We've had some exciting developments this year within the mobile space in terms of advertising and marketing opportunities that look like the first steps in moving the device from the much maligned too hard basket (or spam tool) to being a device that offers exciting ways to meet marketing challenges.
Namely Telstra offering their content free to browse for their subscribers - which, whilst not ideal (reasonably priced datacaps would be the utopia - which allow users to use their mobile to access all content with no danger of bill shock) as well as the iPhone launching on July 11 and a stack of similar, multimedia devices entering the market in the next 6 months.
As an agency guy I have used mobile for about half a dozen campaigns this year and the results have been appealing. I liken it to the web 10 years ago - lots of users, minimal clutter, high response rates (all positives) but combined with carrier obstacles, slow connection speeds, inexperienced sales and no real standard o/s (all negatives). On a really positive side, clients are open and often proactive about the space and are willing to experiment on the medium ... this is great as it means ad dollars will arrive, and these ad dollars can fuel more refinement and innovation and investment.
I'm no mobile expert, but I do have an understanding of wider media, especially digital ... and I don't believe the device is a specialty area.
So, what are 5 key areas that I think will be a focus
1. Opening up the mobile Internet
The net didn't really tip in terms of becoming a mainstream channel until connection speeds increased and users could access these speeds at a reasonable price. Right now this isn't the case with the mobile Internet. Secondly, the concept of a walled garden Internet seems ludicrous (imagine iinet subscribers only being able to access iinet content with their connection, and if they wanted to look at myspace or facebook or espn they'd incur extra charges) ... however this is how the mobile Internet is forming. It needs to open up and the carriers need to focus on being carriers and not content providers.
2. Understanding the device is a utility
I really hope that the mobile Internet isn't sold as a spots and dots display medium. yes, this plays a part ... but the real value for brands is getting into the branded utility/content space - becoming the media. Given the space is such a blank canvas now, there is room for brands to develop wap sites/apps etc that offer real value to people. Cue cliche on moving from interuption to immersion.
3. Location based services
Imagine something like yelp.com ... but on mobile ... that utilised location based services. It would be cool if you'd just seen a movie at the Kino, and a service could recommend you bars/places to eat nearby that were rated by a community you respect. The dominant voice when talking about location based services has been around ad spam - not utility - this needs to change
4. Maintaining web like functionality and feel on mobile web
How can we replicate or adapt the current web experience to the mobile? How can we make a site like afl.com.au as strong as an off deck wap site? Ditto for Hotmail etc. Google has done a great job with this already - maps, gtalk and gmail are pretty slick web apps. For mobile web to work the experience the user gets when they visit site x can't be a z-grade version of the web version.

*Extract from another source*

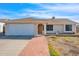 Charming single-story home featuring a well-manicured lawn, neutral colors and a two-car garage at 17631 N 42Nd Dr, Glendale, AZ 85308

5. Filtering through the mess
There are already 1865 apps that have been built by third parties for the iphone - http://www.apple.com/webapps/index_abc.html - and loads seem kinda irrelevant. Filtering through the mess of apps, widgets etc will be something users will have to endure - just like with Facebook and all those Slide and Rockyou useless widgets ... iPhoners will be bomarded with an equal amount of inane things to add. Advertisers need to make sure they are not just creating more junk, but creating something of use.
A few other areas worth mentioning is the mobile as a DR channel - I believe it has great strength in this area in numerous ways. Add CRM to this as well - which some companies are already using in a limited capacity.